Please note that the coexistence of any two engines in MySQL at this time has problems around XA support - I got repeatable crashes and reported these here even if this is very likely an upstream bug.  I have been recommended to enable binary logging to work around this problem, and it actually worked fine when I did.

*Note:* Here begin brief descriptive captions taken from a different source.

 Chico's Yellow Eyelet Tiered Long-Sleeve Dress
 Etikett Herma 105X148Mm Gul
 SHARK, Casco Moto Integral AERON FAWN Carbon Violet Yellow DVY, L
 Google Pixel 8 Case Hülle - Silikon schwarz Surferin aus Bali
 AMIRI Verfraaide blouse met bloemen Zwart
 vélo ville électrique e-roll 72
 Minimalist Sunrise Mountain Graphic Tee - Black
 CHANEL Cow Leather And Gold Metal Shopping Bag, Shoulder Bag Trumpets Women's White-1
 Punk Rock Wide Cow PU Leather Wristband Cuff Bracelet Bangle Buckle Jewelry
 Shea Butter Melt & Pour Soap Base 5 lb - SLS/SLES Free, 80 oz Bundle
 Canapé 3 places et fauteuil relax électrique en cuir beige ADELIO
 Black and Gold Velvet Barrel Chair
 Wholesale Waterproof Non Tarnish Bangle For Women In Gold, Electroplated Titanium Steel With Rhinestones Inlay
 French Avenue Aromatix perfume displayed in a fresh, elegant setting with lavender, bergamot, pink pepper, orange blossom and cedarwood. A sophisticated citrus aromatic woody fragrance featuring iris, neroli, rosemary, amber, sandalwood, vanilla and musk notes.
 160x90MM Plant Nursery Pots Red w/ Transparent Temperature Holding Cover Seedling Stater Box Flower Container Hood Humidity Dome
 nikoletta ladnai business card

Another issue I stumbled into while trying to set up this small test is a bug regarding the auto_increment_increment setting, which I accidentally had set to 2 (we use this setup in clusters).  You can check this particular issue here. Hey, turns out I have been quite lucky with my previous use case :-)


# INNO
innodb_flush_method = O_DIRECT
innodb_log_files_in_group = 2
innodb_log_file_size = 512M
innodb_flush_log_at_trx_commit = 1
innodb_file_per_table = 1
innodb_buffer_pool_size = 10G

innodb_file_format=barracuda
innodb_log_buffer_size = 64M


# ROCKS

core-file
rocksdb
#skip-innodb
default-storage-engine=rocksdb
default-tmp-storage-engine=MyISAM
collation-server=latin1_bin
binlog_format                  = ROW
transaction-isolation = READ-COMMITTED
log_bin                        = /storage/rockstat/binlog/rocks
expire_logs_days               = 1
sync_binlog=1
rocksdb_disable_2pc=OFF


rocksdb_max_open_files=-1
rocksdb_base_background_compactions=1
rocksdb_max_background_compactions=8
rocksdb_max_total_wal_size=4G
rocksdb_max_background_flushes=4
rocksdb_block_size=16384
rocksdb_block_cache_size=16G
rocksdb_table_cache_numshardbits=6
rocksdb_default_cf_options=write_buffer_size=128m;target_file_size_base=64m;max_bytes_for_level_base=512m;level0_file_num_compaction_trigger=4;level0_slowdown_writes_trigger=10;level0_stop_writes_trigger=15;max_write_buffer_number=4;compression_per_level=kNoCompression:kNoCompression:kNoCompression:kZlibCompression:kZlibCompression:kZlibCompression;bottommost_compression=kZlibCompression;compression_opts=-14:1:0;block_based_table_factory={cache_index_and_filter_blocks=1;filter_policy=bloomfilter:10:false;whole_key_filtering=1};level_compaction_dynamic_level_bytes=true;optimize_filters_for_hits=true



Well, I launched my script and waited a little while. While waiting I was curious to compare the insert speed between InnoDB and RocksDB:


mysql> select count(*) as innodb from some_innodb_table; select count(*) as rocksdb from some_rocksdb_table;
+---------+
| innodb  |
+---------+
| 4544377 |
+---------+
1 row in set (1.28 sec)

+---------+
| rocksdb |
+---------+
| 4361642 |
+---------+
1 row in set (1.85 sec)


I was very happy to verify that RocksDB was able to keep up with InnoDB in this little insert speed test :-) Actually, InnoDB was about 10% faster, but remember that we are running with MyRock's 2 phase commit enabled here (where it is normally OFF). Also, InnoDB insert performance will weaken over time, where MyRocks should hold just fine.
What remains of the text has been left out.